Falling in Love With Food Before You’re Born
“For me, food started at birth, and maybe before then,” Sandi Lessert said to me over the phone. “I guess it’s so much a part of our family, I kind of wonder how much of it’s in your DNA.”
I’ve been collecting our customers’ stories as they relate to food, life and travel. Sandi, who took all three Tasting Kauai food tours with her husband, Jay, and their close friend, Dave, said food is important when she travels because she has to eat, so she might as well eat well. She also said food has a way of connecting people, and it’s a great way to get to know local culture.
“Food tours are a quick way to connect and feel more at ease, more comfortable in getting oriented,” says Sandi, who lives in Portland, Oregon. “Hands down, your tours, collectively and individually, gave me the most insight about a place.”

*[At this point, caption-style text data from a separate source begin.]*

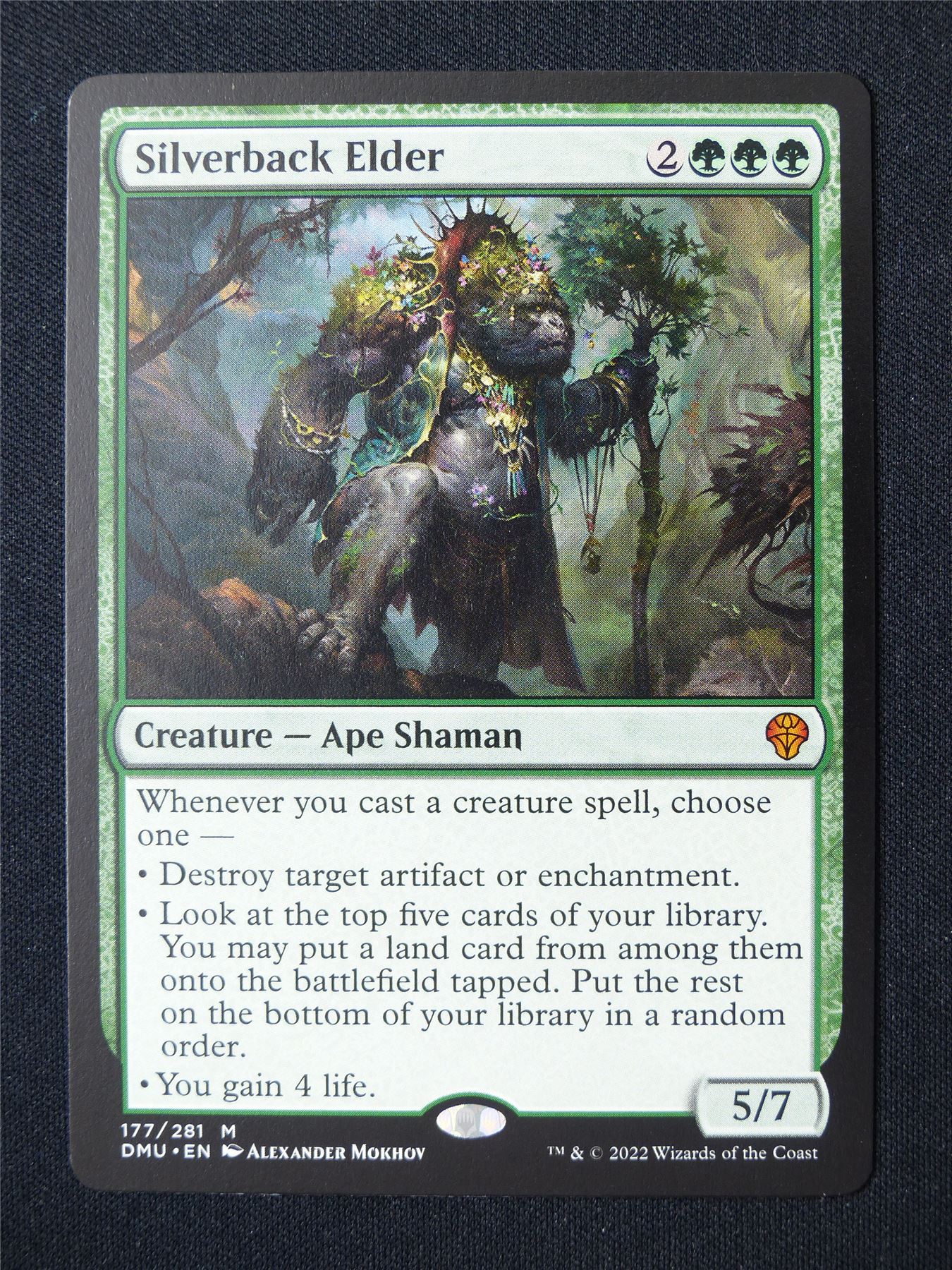 Silverback Elder - DMU - Mtg Card #79Q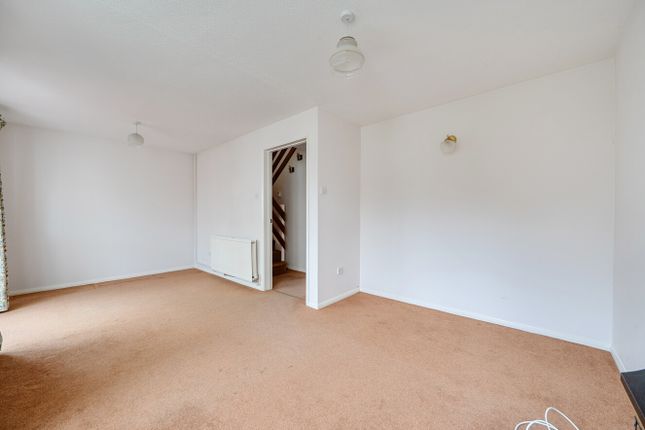 9, Minden Close, Berkshire photo 3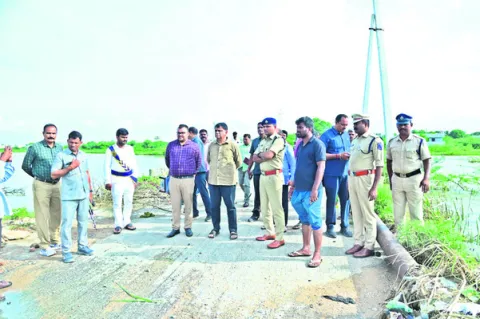 వర్షాలతో అప్రమత్తంగా ఉండాలి 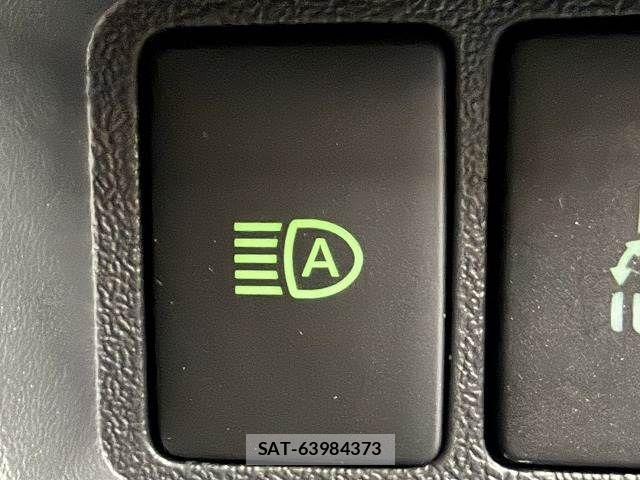Toyota HIACE VAN 2025-02 6817664-7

As a self-proclaimed “Disney Geek,” Sandi chases Disney like Remy the rat pursues becoming a great chef in the film Ratatouille. Next month, Sandi and her husband are running a half marathon at Disneyland Paris. After that, they’re going to Provence for a cooking class.
“Last fall, I had the fortune of dining with an acquaintance and manager at Walt Disney World, who mentioned the cooking class and really couldn’t say enough good about it.”
Sandi has been on so many Disney expeditions, she stopped keeping track. A three-day weekend excursion is a recent example. It begins in Denver where Sandi watches the debut of Frozen, before it runs on Broadway. From there, a trip to Southern California for a VIP tour of Walt Disney Imagineering, which is not open to the public. She gets to go because she was the successful bidder on at silent auction fundraiser. The next day, she meets up with a friend at the Grand Californian Hotel, a Disneyland Resort & Spa. The trip ends with CHOC Walk in the Park, an annual 5K through Disneyland Park, Disney California Adventure Park and the Downtown Disney District, to benefit Children’s Hospital of Orange County.
Sandi’s passion for Disney began in 1990, when she and Jay took their 3-year-old son to Walt Disney World. She had been once, when she was in high school. With a “been there done that” attitude, she didn’t want to go a second time.
“But I saw Disney’s magic through my son’s eyes,” Sandi recalls, “and it was a slippery slope after that.”
Growing up, Sandi’s family saved money by going on road trips.
“I don’t think my mother was the only one who was like this in the late 50s and early 60s, but she liked to go on Sunday afternoon drives. As we got older, we didn’t want to go. My mother bribed us with food, which is not a good thing to do. I mean, behavior like that is not how people maintain a healthy weight. But she bribed us with the promise of eating at our favorite hamburger joint. During summer vacations on the Oregon Coast, we would dig razor clams and my dad would go fishing. Afterwards, we ate fried clams, smoked salmon and Dungeness crab.”
Sandi, a Japanese American, had the incredible opportunity to learn from her mother, who Sandi remembers as a phenomenal cook. Sandi feels she learned through osmosis, of “just being around food in the kitchen,” and being able to experience not just Japanese food, but all kinds of food.
“We love food and it’s always been more than a meal,” says Sandi. “My mother knew that. She always insisted that we eat together at dinner. In high school, you think that’s just being silly, but in hindsight, it was very smart of her. My dad worked this weird swing-shift and for years he didn’t have weekends off. The only times that we could count on seeing him, and all of us being together as a family, was at dinner. She said she knew how important that was, not just the food aspect of it, but certainly that was part of it, and so food has been a part of who I am from day one. And like I said, who knows, maybe even before then.”
This is a first in a series of our customers’ stories, which we’ll publish periodically.